With the growing use of social media, keeping company information confidential becomes challenging than ever. Sharing enjoyable working experiences and great customer service stories can create positive word of mouth for the company, yet it can be problematic if important information leaks out to the social media.
To avoid secrets being revealed, many companies enact the regulation on social media. However, it seems that imposing regulation was not effective, and even can create discontent among young employees. How can corporations properly regulate employees’ social media behavior? What should corporations be aware of enacting those regulations? How can companies protect themselves from new strategies or “secret sauce” being stolen? James Pooley, the author of “Secrets: Managing Information Assets in the Age of Cyberespionage” as well as three experts, Martin Harrysson, Estelle Metayer and Hugo Sarrazin have some tips on keeping company secrets off of social media.
First of all, business managers should acknowledge that asking employees to keep information confidential is going against their digital instinct.

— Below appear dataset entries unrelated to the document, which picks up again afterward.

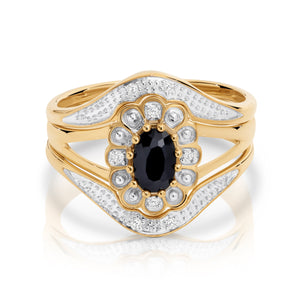 9ct Yellow Gold Sapphire & Diamond Trio Ring Set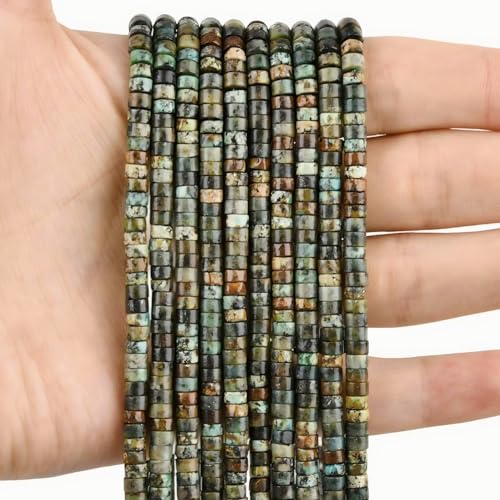 300pcs Natural African Turquoise Heishi Spacer Beads 2x4mm Genuine Real Disc Stone Beading DIY Charm Smooth Loose Gemstone Beads for Jewelry Making Bracelets Necklaces Earrings Crafts - color: African Turquoise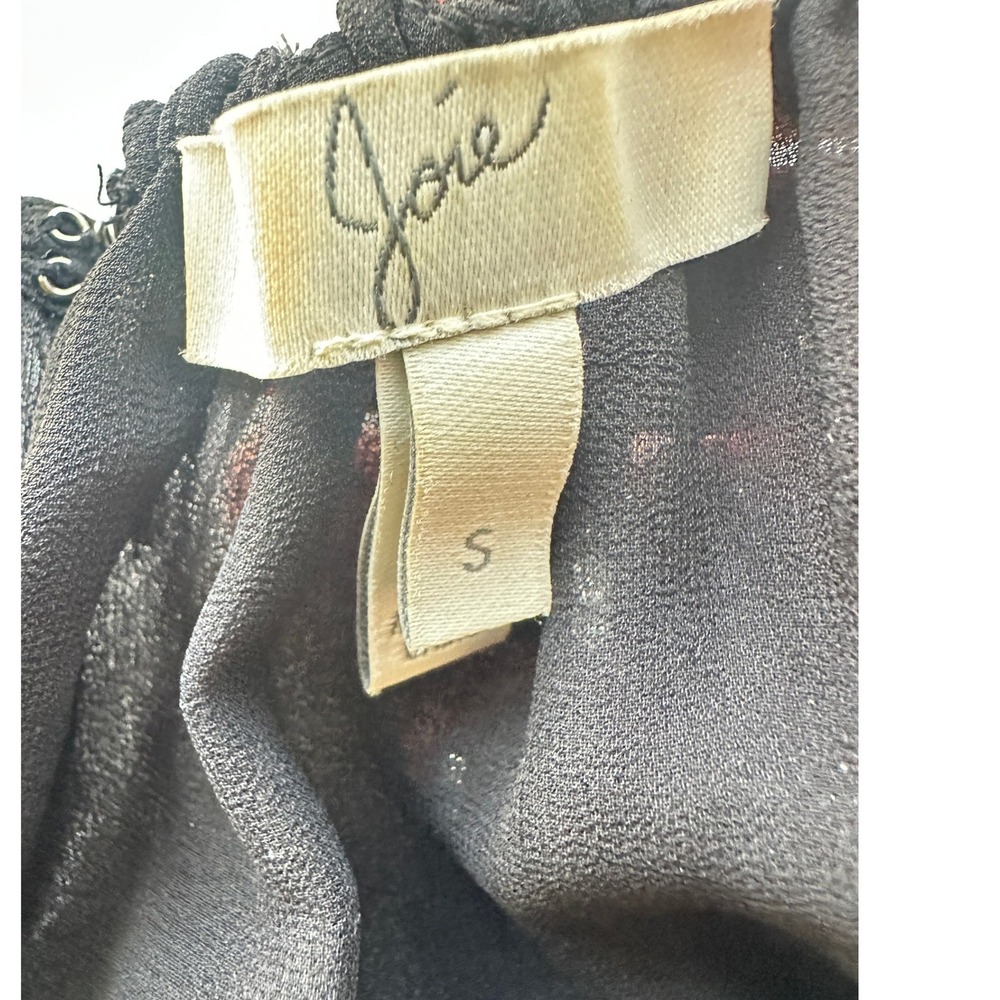 Joie Halter Top Silk Blend Black Silver Metallic Clip Dot Peplum Small Evening - Picture 4 of 13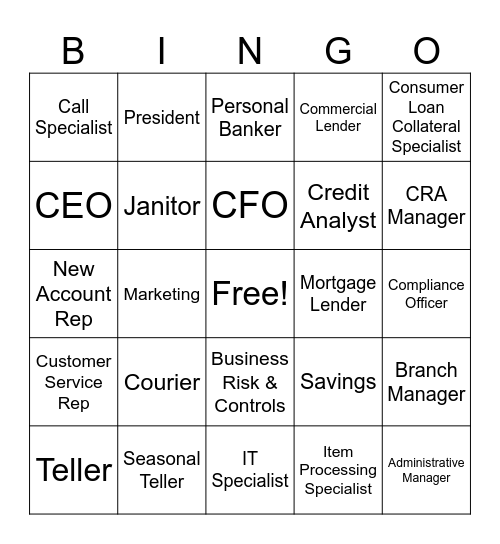 SHUFFLE Bingo Card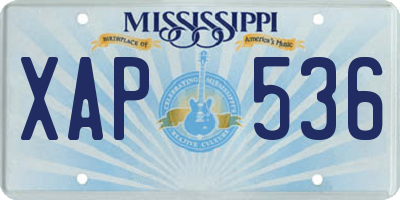 MS license plate XAP536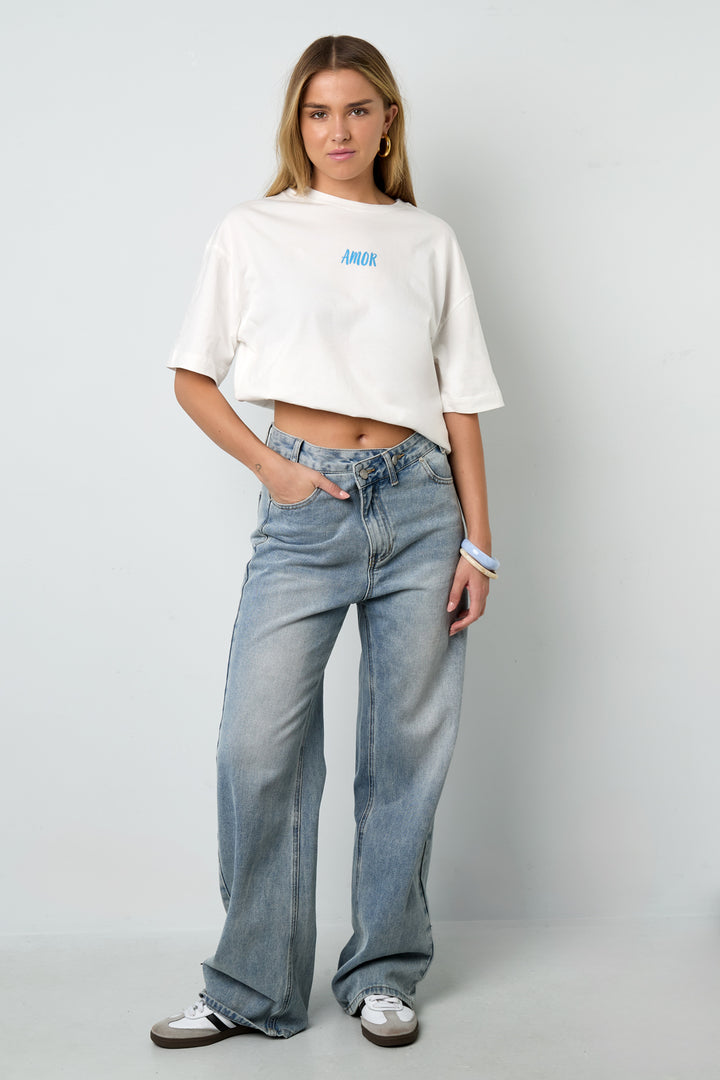 Katoen Gebreide Vrouwen T-shirt Casual Letters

People have the natural tendency to share and young generations live in the age of sharing all the things in their lives. With the understanding, companies are advised to put their policies in writing and clearly state what people are supposed to do as well as what they should not do to help employees focus.
In addition to imposing regulations, education and training are crucial. Continuous training can help employees understand what information and devices might be sensitive and potentially pose risks. For instance, the connection of LinkedIn or Twitter might reveal individual’s networks; likes and check-in on Facebook might show the footprints and the new field or strategy individual may be involved in. Using personal devices to connect company network might impose threats as well.
Also, keeping the eyes on social media is a key. Continuous monitoring of employees’ postings on social media to pick up signs of what might be going wrong. Companies can consider implementing and promoting internal social networks for employees to share information with risking information leakage.
Pooley mentioned that keeping this issue front and center is the best way to prevent proprietary information from being released into cyberspace. Use incentives to encourage adoption, and make sure senior employees lead by example. “We need to keep this top of mind because, as hacker incidents have shown, it can bite really hard.”